REPUBLIKA.CO.ID, JAKARTA -- Jaringan Pemantau Pendidikan Indonesia (JPPI) memprotes terjadinya dugaan perundungan hingga menyebabkan seorang siswa SMPN 19 Tangerang Selatan meninggal. JPPI mengkritik keras pihak sekolah yang gagal mencegah perundungan.
JPPI mendapati informasi korban diduga menjadi sasaran perundungan berat oleh teman-temannya sendiri. Korban sempat dirawat akibat luka serius, namun nyawanya tidak tertolong.
"Peristiwa ini bukan hanya menyayat hati, tetapi juga menjadi penanda bahwa sekolah-sekolah kita sedang berada dalam kondisi darurat kekerasan," kata Koordinator Nasional JPPI Ubaid Matraji kepada Republika, Senin (17/11/2025).
Ubaid menyayangkan kekerasan yang mematikan ini terjadi di lingkungan sekolah. Padahal sekolah seharusnya menjadi tempat paling aman bagi anak.
"Ini menunjukkan kegagalan sistemik negara dalam melindungi peserta didik," ujar Ubaid.
Ubaid mengamati tindakan kekerasan ini ternyata bukan kejadian baru. Informasi yang muncul mengindikasikan praktik perundungan telah berlangsung sejak Masa Pengenalan Lingkungan Sekolah (MPLS) pada bulan Juli. Kemudian tidak ada intervensi nyata dari sekolah maupun satgas pencegahan kekerasan.
"Sekarang sudah bulan November, artinya ada pembiaran selama berbulan-bulan sebelum akhirnya anak tersebut kehilangan nyawanya. Ini bukan sekadar kelalaian, tetapi bentuk nyata kegagalan negara memastikan sekolah aman. Anak kehilangan nyawa, dan itu terjadi setelah berbulan-bulan pembiaran,” ujar Ubaid.
Oleh karena itu, JPPI mendesak Kemendikdasmen dan Pemda mengevaluasi Satgas Pencegahan dan Penanganan Kekerasan di tingkat provinsi maupun kabupaten/kota. Menurutnya, satgas yang dibentuk pemerintah itu tidak menjalankan mandatnya dengan baik.
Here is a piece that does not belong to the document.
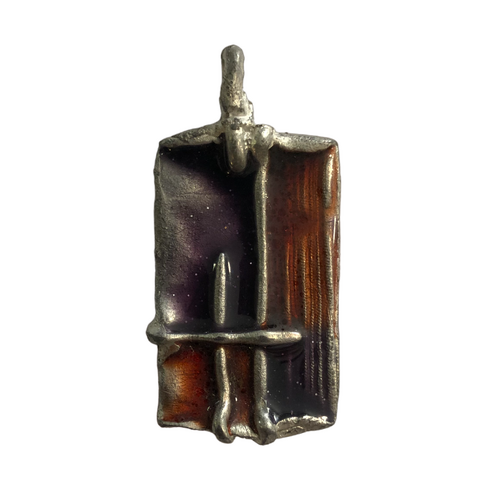 Pendant - Assorted Colours/Shapes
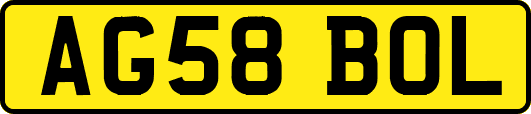 AG58BOL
“Selama ini kinerja Satgas tidak jelas. Anggotanya menerima fasilitas dan anggaran, tetapi hasil kerjanya tidak terlihat. Kasus-kasus kekerasan justru meningkat. JPPI meminta agar tidak ada lagi pejabat yang makan gaji buta dalam isu yang menyangkut keselamatan anak,” ujar Ubaid.
Selain satgas daerah, JPPI menyoroti lemahnya kinerja Tim Pencegahan dan Penanggulangan Kekerasan (TPPK) di sekolah. TPPK dinilai hanya dibentuk untuk memenuhi persyaratan administratif, tetapi tidak bekerja efektif. Ubaid mengamati banyak kasus yang tidak ditangani dengan serius, pelapor tidak didampingi, dan korban tidak mendapatkan perlindungan.
“Jika TPPK bekerja sebagaimana mestinya, tidak mungkin kita terus melihat korban berjatuhan seperti sekarang. Ini kejadian tidak hanya terjadi di Tangsel, tapi banyak terjadi di berbagai daerah. Jadi jangan sampai tambah banyak korban berjatuhan,” ujar Ubaid.